CLA-2-83:OT:RR:NC:1:113

Mr. John Welch
Eaton Corporation
Cooper Crouse-Hinds Division
1201 Wolf Street
Syracuse, NY 13208

RE: The tariff classification, status and country of origin marking under the North American Free Trade Agreement (NAFTA), of braided hose with couplings from Mexico; Article 509

Dear Mr. Welch:

In your letter dated December 18, 2017, on behalf of Cooper Crouse-Hinds, you requested a ruling on the tariff classification, NAFTA eligibility and country of origin marking of braided hose with couplings. A sample, photographs, technical drawings, material specification sheets and product information were submitted for our review.

The subject articles are identified as insulated braided hose with couplings. You stated in your letter that “We purchase Material #1650200 description: H12-3RAN COUPLING SIZE which includes reinforced copper wire mesh and the flexible corrugated pipe. This material is U.S. country of origin.” The function of the reinforced copper wire mesh is as a cover for the flexible corrugated pipe and its purpose is to cover the pipe to prevent any leakage. All of the materials that comprise the couplings are brass. The function of the coupling is to join with the other fittings using the threads. It is designed for hazardous areas where a flexible member is required in a conduit system to accomplish difficult bends, or to allow for movement or vibration of connected equipment or units.
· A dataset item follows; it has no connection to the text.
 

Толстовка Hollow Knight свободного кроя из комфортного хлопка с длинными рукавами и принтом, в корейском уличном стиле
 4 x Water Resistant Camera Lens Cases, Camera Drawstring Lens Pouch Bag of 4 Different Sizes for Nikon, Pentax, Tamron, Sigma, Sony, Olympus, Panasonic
You indicated that the braided hose and couplings of U.S. origin are sent to Mexico for the couplings to be assembled on the hose. Manufacturing processes are performed on the braided hose and couplings in Mexico to arrive at the finished product. You stated that the “complete process of the flexible tube include cutting brass braided mesh in the length required, cutting the inner in the correct length, welding both couples with braided mesh, hydrostatic test, and identifying and packaging.” Upon completion, the finished products are sent back to the U.S.

The intended use of the completed article is as a flexible electric coupling. It is used in hazardous areas where a flexible electric coupling is needed in a conduit system to allow for movement or vibration of connected equipment or units. It is designed to be used in a variety of applications, but mainly in electrical conduit systems.
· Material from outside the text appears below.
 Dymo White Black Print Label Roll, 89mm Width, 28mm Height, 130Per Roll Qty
In your submission, you proposed that the finished products (braided hose assembled with couplings) be classified in subheading 8307.10.3000 or 8307.90.3000, Harmonized Tariff Schedule of the United States (HTSUS), depending on the material. The ½” to 1”assembled product has a bronze braided covering (8307.90) and a flexible brass inner core. The 2½” to 4” product has a stainless steel braid (8307.10). You noted that the coupling material is also classified in subheading 8307.10 or 8307.90, HTSUS, depending on the material/size of the coupling order.
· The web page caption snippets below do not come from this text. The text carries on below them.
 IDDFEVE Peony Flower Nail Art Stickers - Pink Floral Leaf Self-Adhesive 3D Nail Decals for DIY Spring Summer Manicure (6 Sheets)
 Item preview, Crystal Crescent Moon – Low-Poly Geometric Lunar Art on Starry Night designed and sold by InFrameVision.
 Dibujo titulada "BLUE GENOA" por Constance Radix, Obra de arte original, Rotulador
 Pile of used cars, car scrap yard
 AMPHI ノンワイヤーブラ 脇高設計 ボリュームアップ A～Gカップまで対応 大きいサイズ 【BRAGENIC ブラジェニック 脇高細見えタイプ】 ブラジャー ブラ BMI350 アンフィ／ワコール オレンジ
The applicable subheading for the flexible stainless steel tubing will be 8307.10.3000, HTSUS, which provides for flexible tubing of base metal, with or without fittings: of iron or steel: with fittings. The rate of duty will be 3.8 percent ad valorem.

The applicable subheading for the flexible copper tubing will be 8307.90.3000, HTSUS, which provides for flexible tubing of base metal, with or without fittings: of other base metal: with fittings. The rate of duty will be 3.8 percent ad valorem.

Duty rates are provided for your convenience and are subject to change. The text of the most recent HTSUS and the accompanying duty rates are provided on World Wide Web at https://hts.usitc.gov/current.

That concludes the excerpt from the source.